**What you are asked to do**
From the records below, output exactly the lines starting at the line with "A residential building" and ending at the line with "Blaue Salomon Laufschuhe mit weißer Sohle und Markenlogo. Blaue", both of them included, but no pictures.

**Data supplied**

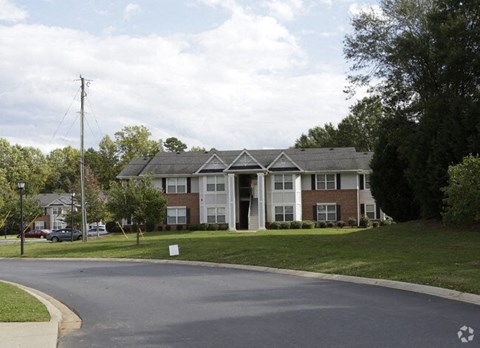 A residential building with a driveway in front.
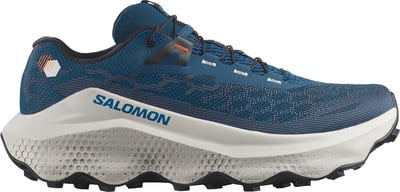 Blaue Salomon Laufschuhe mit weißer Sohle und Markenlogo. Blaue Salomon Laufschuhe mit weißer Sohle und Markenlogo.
==
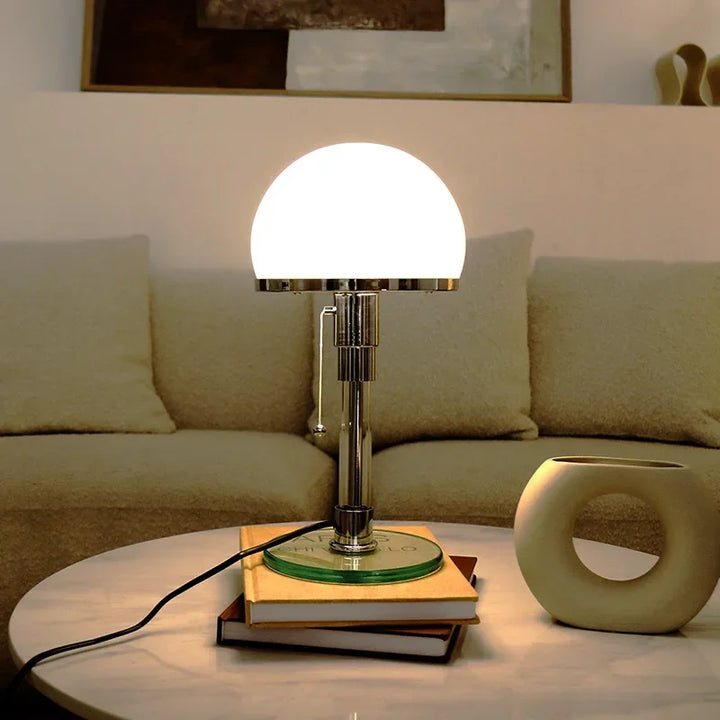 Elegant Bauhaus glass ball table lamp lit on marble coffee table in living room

**Exercise answer**
 A residential building with a driveway in front.
 Blaue Salomon Laufschuhe mit weißer Sohle und Markenlogo. Blaue Salomon Laufschuhe mit weißer Sohle und Markenlogo.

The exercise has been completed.